Exercise directions> Omit the pictures and retype only the lines from the one containing "Shupatto - Medium Foldbar Taske Mori - Grøn" through the end of the listing, both ends included.
────────
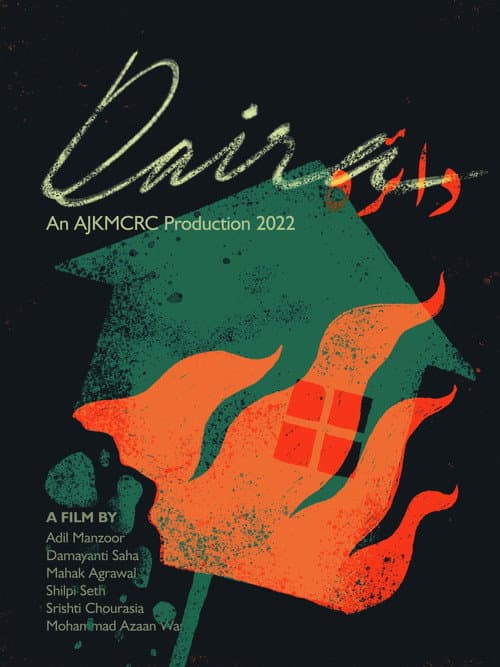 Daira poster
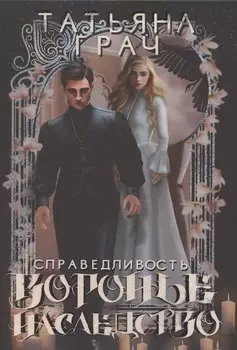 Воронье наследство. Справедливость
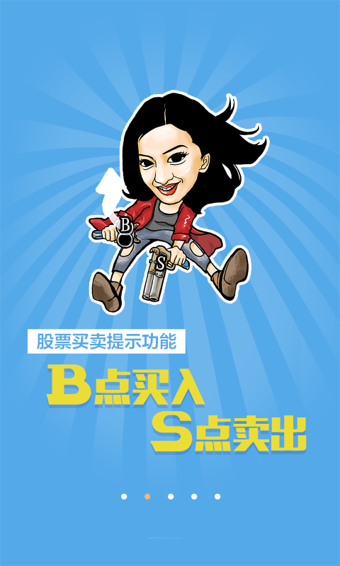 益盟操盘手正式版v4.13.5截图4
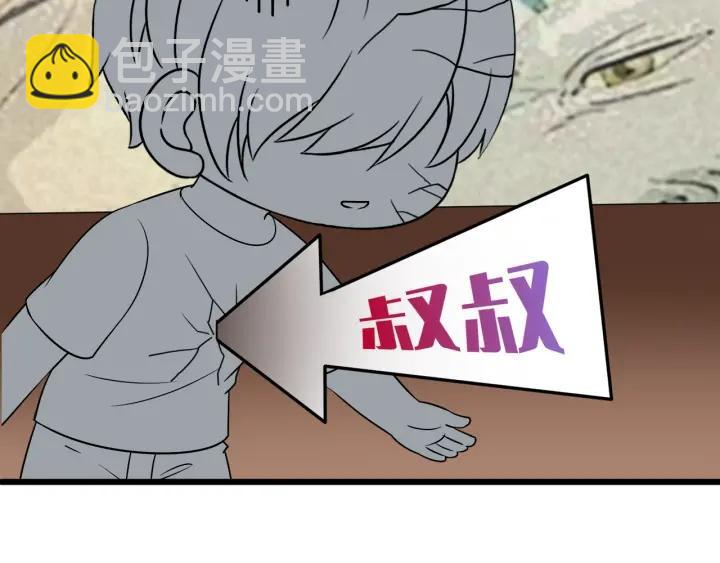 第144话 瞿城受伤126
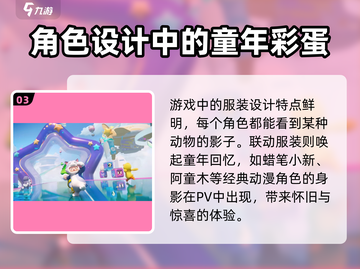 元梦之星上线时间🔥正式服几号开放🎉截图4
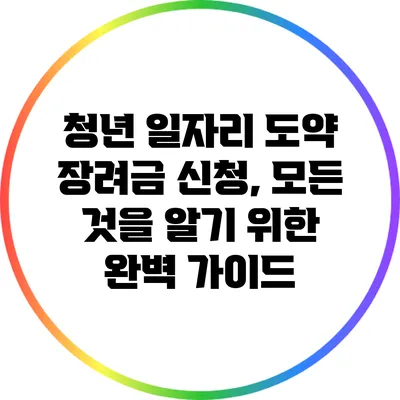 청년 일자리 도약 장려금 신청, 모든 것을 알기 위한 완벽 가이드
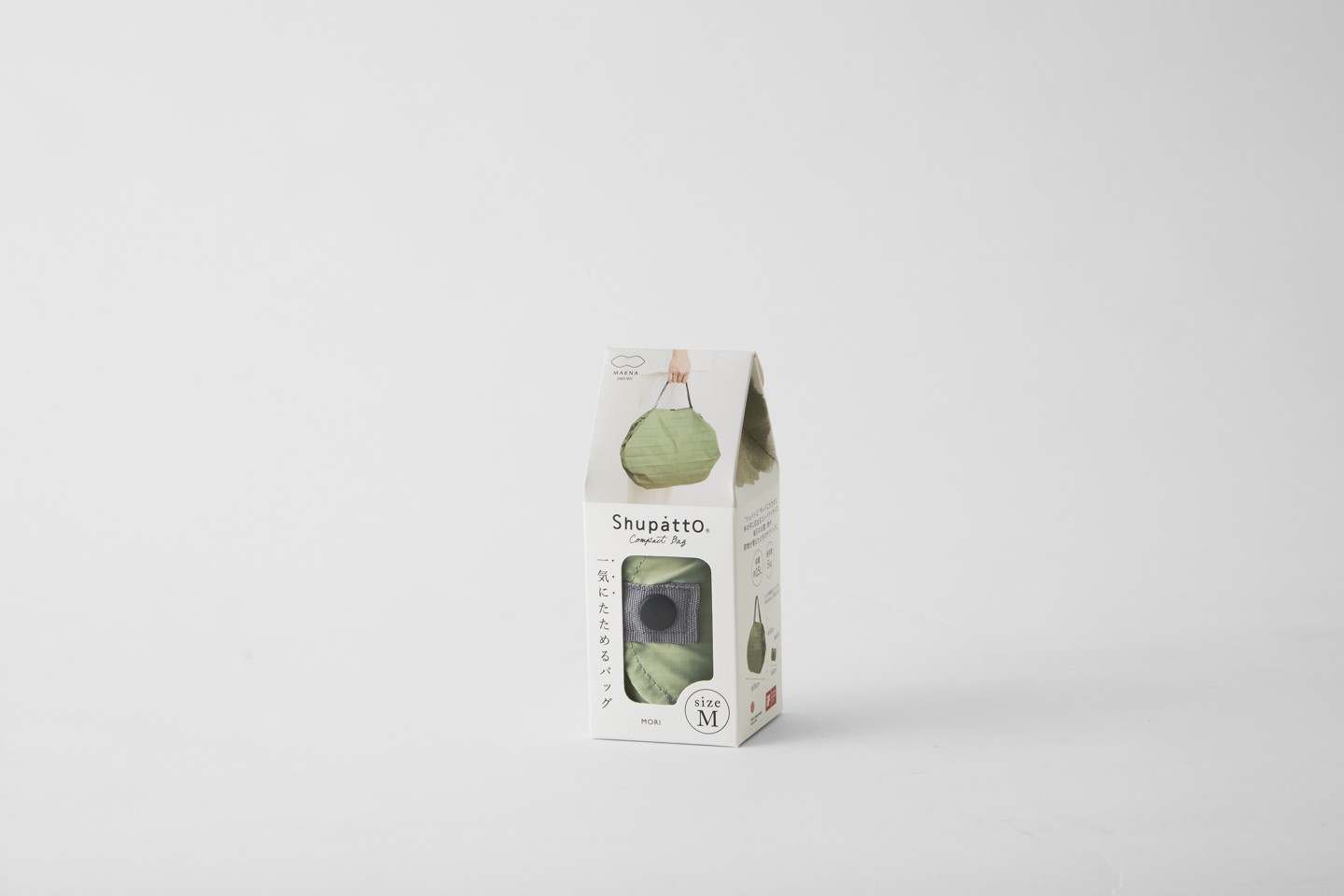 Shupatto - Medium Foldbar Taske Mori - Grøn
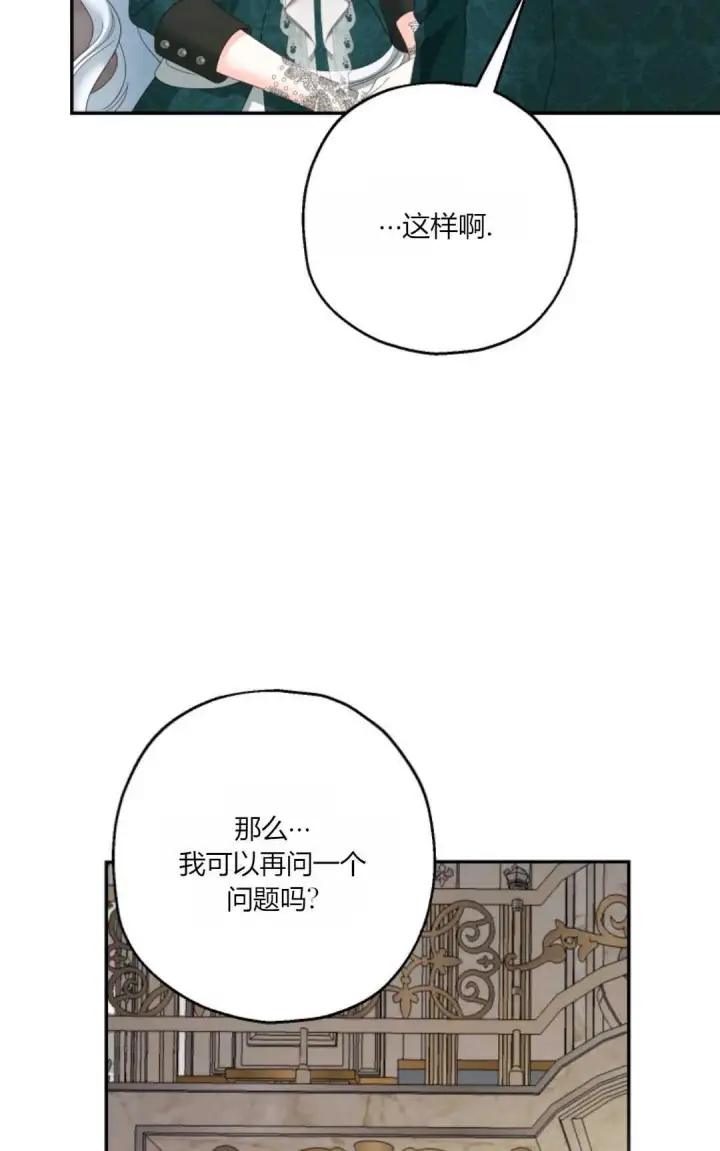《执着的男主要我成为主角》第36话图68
────────
Solved problem>
 Shupatto - Medium Foldbar Taske Mori - Grøn
《执着的男主要我成为主角》第36话图68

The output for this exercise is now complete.